Whose to Judge?

Does the identity of ballet rest on presenting a certain image of the ballet dancer?

After a visit to almost any art gallery you may find that artists have been making fat an issue over the course of thousands of years. Artists like Rembrandt, and Renoir were two of the first with their creation of nudes of women with beautiful curves that to today’s standards no longer fit the “ideal” image of beauty. Perhaps a far more fundamental question than the one posed above is, out of all the various forms of human exposure, which art requires complete exposure of the human body, besides the nude in painting, sculpture or photography?

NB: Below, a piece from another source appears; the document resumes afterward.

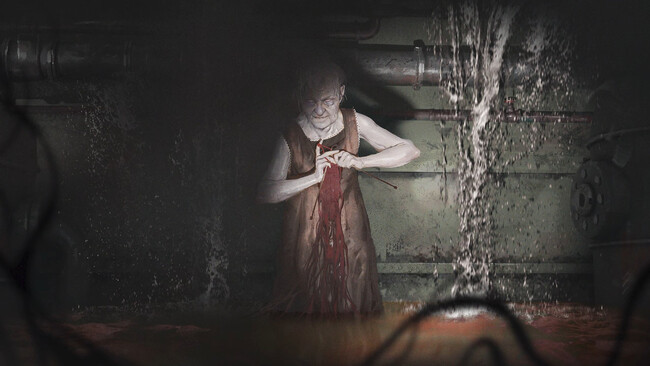 Imagen De Alan Wake 2 Remedy Entertainment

Ballet, without a doubt. Ballet dancers although, to some degree masked by the layers of costume, tutus, and tights- make themselves some of society’s easiest targets of bodily scrutiny. Dancers open their bodies up in the geometric contoures, shapes, and various movements of precision that ballet has systemized. Ballet commands sacrafice in order to achieve the immediate dance community’s acceptance, as well as fit society’s widely held ideals of beauty. Historically, these ideals are the unfortunate causes of many women, men, and ballet dancer’s battles with deadly eating disorders. It is the professions that demand the bodily attention that regrettably result in some of the most dangerous eating disorders, ballet’s being anorexia. Models, dancers, and most anyone in the public eye are constantly being put under pressure to represent a certain image. In ballet there is a definite image a ballerina must present that exemplifies allt hat ballet is. Ultimately, it is the ballet dancer’s performance that embodies what people may take away with them after a performance, and in doing so identify the art.

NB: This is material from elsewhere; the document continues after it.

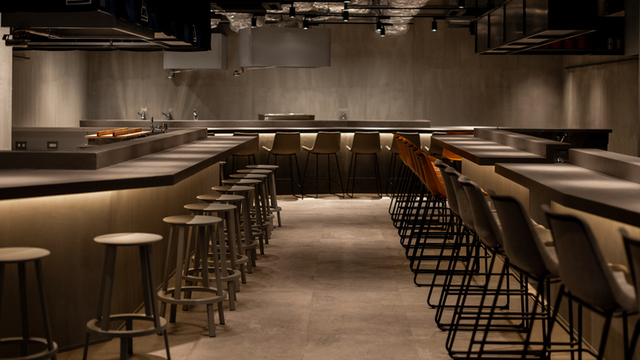 五ッ釜ALLEY RESTAURANTS>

When a dancer has even the smallest of imperfections there can be no hoodie worn to replace the corset, or sweats to replace the tutu. To be an overweight dancer does not mean the dancer is automatically a bad one. I know of some pretty incredible heavier performers who have beat all odds and leave audiences amazed by the ingenuity of their dancing. The flaws, however small they may be are unfortunate to have to point out, and the size of a ballerina is perhaps the most controversial debate in ballet today. However, the flaws of the artists are also a part of the identity of ballet, and the ballerina as well. It becomes the dancers resposibility to thus transcend their flaws and be the greatest dancer that they can be.

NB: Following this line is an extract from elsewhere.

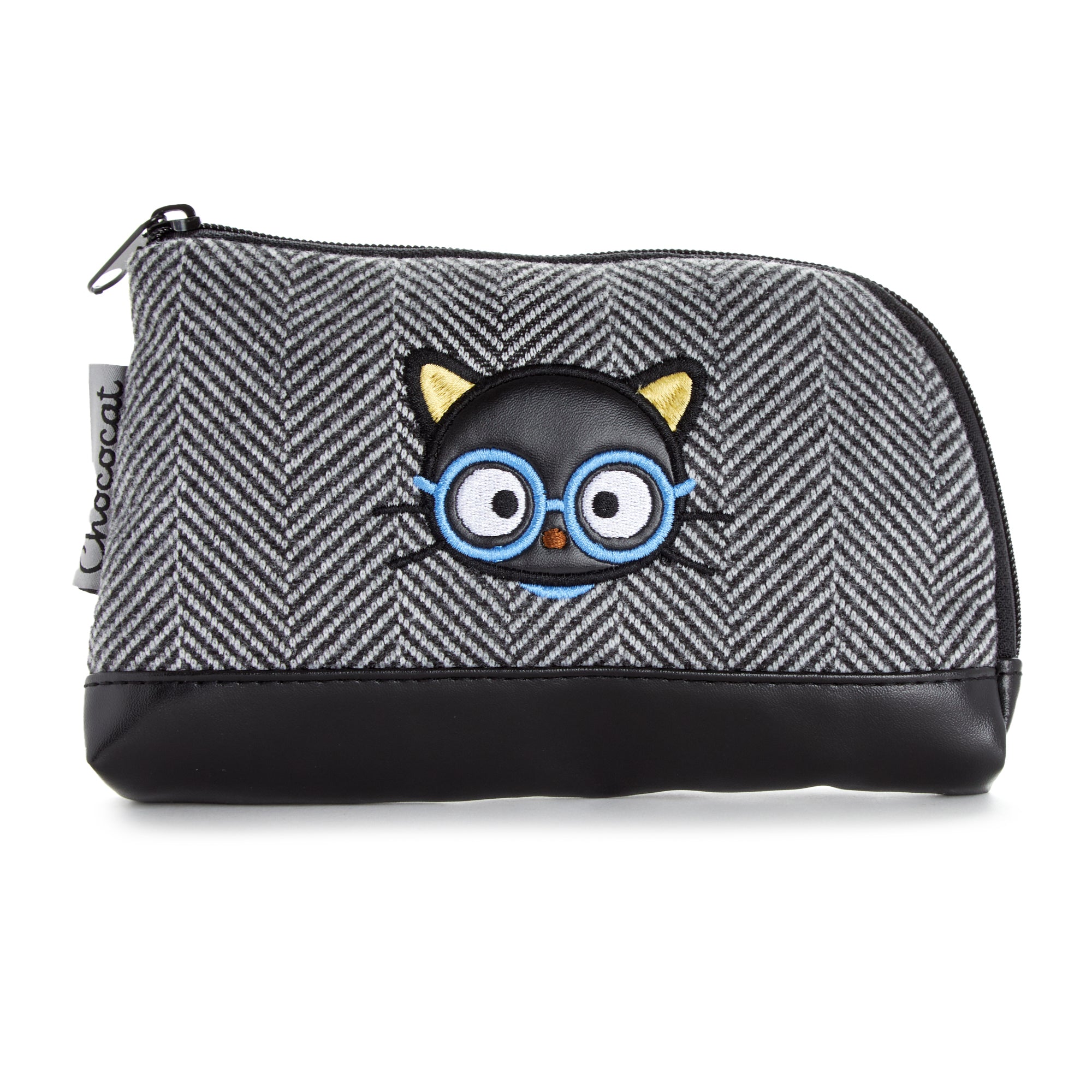 Chococat Zipper Pouch (Glasses Series)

The size of a dancer is not only a modern ideal but, rather an obsession that can be traced to ballet’s origins and some of it’s earliest starlets. Today, there are many female, and male dancers with obvious flaws, who have surpassed all expectations and made far more lasting impacts in ballet than those dancers who possessed bodies that were “ballet-perfect”. But, then again this is their task: “in an Apollonian art that requires purity of line, precision of execution and harmony of appearance, dancers with less than ideal shapes must bring other qualities to bear”. Many dancers have, and will continue to do so, with or without the perfect “ideal” ballet body. I would say that although the body in ballet may not be irrelevant, a dancers body isn’t everything. While a dancers body is the subject of the most obtuse observation, and at times blunt discussion, at the end of the day it’s all about the dancing, and overcoming the standards of the profession that bind.